The broad scope implied by the phrase “peace, order and good government” can be interpreted to mean that the federal government should have comprehensive authority over any matters not immediately pertaining to the provinces. In practice, federal authority has been interpreted by the courts as pertaining to matters concerning four branches outside of federal and provincial jurisdiction: residual, emergency, national concern and federal paramountcy.

Residual Branch

The residual branch pertains to any matter not explicitly described in sections 91 and 92. This branch is rarely used. Although matters not in existence at the time of Confederation were not typically the immediate jurisdiction of the federal government, the Supreme Court of Canada affirmed the federal government’s authority over aeronautics in 1952, in Johannesson v. West St Paul (Rural Municipality of). That case set the precedence for modern interpretations of “peace, order and good government.”

Emergency Branch

In exceptional circumstances, the federal government may invoke a state of emergency, which grants Parliament special emergency powers. These powers allow for the federal government to infringe on provincial jurisdiction when the country is perceived as facing an existential crisis, such as invasion or widespread political unrest. Such emergency powers are only to last as long as the emergency itself. During the First World War, the federal government passed the War Measures Act, which enabled Parliament to legislate on almost any matter. The emergency doctrine was described in the Supreme Court’s 1976 Reference re Anti-Inflation Act.

National Concern Branch

Under the national concern branch, the federal government can pass legislation on matters described in section 92 when those matters affect the principle of “peace, order and good government.” In 1896 and 1946, two cases related to the prohibition of alcohol provided examples of local matters concerning the federal government. In 1988, the Supreme Court ruled that this doctrine applies to matters that did not exist in 1867 — such as matters related to polluting the ocean — and provincial matters that are of national concern, but are not yet emergencies.

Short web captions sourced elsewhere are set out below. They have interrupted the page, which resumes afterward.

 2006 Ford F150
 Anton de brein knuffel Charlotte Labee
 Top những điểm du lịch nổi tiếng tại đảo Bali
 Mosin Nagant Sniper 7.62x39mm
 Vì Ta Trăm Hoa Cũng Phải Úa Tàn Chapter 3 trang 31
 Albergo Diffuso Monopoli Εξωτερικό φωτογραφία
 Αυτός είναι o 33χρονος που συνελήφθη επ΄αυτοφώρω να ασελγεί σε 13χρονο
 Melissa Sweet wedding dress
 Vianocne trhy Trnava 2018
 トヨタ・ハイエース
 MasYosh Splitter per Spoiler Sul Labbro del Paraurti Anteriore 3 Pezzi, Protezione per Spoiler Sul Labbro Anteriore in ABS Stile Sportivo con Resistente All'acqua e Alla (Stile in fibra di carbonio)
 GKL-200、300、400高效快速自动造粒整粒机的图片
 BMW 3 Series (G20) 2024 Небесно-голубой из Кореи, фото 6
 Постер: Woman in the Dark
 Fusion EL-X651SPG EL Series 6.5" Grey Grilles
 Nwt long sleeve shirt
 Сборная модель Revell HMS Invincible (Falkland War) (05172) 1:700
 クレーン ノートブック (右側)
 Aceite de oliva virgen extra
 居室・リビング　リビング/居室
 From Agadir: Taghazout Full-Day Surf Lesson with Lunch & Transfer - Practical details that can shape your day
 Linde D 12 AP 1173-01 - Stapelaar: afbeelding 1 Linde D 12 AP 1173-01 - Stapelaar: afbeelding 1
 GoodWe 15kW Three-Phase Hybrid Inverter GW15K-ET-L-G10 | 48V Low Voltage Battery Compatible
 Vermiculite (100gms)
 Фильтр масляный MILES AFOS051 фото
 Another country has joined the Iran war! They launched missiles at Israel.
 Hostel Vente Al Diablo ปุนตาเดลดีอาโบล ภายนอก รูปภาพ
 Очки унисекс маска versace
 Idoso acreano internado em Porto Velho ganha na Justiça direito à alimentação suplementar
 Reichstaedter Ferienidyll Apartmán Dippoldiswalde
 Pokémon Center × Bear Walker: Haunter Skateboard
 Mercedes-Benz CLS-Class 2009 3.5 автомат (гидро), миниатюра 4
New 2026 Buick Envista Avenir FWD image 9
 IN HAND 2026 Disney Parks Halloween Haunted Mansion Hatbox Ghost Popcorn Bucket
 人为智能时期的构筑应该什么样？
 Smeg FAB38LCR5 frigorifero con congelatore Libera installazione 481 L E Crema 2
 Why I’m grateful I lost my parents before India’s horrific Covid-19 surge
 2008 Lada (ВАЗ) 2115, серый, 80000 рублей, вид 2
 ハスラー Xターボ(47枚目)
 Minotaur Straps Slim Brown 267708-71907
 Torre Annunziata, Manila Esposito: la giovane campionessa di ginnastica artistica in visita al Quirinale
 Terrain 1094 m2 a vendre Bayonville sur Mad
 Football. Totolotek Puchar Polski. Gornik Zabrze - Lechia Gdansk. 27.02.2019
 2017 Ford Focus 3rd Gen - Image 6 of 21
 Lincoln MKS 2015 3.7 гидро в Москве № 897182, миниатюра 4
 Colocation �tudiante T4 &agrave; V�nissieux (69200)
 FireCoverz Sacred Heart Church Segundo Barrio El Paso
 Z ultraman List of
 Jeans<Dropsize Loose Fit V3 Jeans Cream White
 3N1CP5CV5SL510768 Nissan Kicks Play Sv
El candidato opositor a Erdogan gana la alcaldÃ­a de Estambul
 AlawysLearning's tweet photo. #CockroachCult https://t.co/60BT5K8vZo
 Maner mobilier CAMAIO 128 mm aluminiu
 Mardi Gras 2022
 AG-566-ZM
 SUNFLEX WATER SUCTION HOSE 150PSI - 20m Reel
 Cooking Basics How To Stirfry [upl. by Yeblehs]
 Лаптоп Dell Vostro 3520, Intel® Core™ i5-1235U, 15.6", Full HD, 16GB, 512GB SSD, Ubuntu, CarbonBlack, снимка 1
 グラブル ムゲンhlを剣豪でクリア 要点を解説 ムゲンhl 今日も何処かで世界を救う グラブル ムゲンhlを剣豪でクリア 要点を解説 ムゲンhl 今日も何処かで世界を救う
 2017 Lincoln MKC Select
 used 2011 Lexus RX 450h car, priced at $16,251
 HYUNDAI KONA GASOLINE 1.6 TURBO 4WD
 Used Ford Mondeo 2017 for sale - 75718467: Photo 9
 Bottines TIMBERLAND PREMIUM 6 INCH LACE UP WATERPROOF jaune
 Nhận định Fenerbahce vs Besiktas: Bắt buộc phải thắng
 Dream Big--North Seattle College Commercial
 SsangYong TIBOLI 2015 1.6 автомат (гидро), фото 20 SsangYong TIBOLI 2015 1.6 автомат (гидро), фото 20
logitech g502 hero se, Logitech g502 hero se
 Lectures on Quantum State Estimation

Federal Paramountcy Branch

If there are overlapping federal and provincial laws, the legislation passed by the federal Parliament takes precedence. Historically, this has meant that in the case of conflict or overlap, federal laws were used. However, in November 2015, the Supreme Court held that federal paramountcy should only apply if federal and provincial legislation directly contradict one another.


Canada’s lack of a single constitutional document led to the phrase “peace, order and good government” becoming a central mediating mechanism in the distribution of powers between federal and provincial governments (see Constitutional History). Although initially intended as a strong, centralized government, legal interpretations of “peace, order and good government” over the course of the 20th century have more explicitly defined the limits of federal authority over the provinces.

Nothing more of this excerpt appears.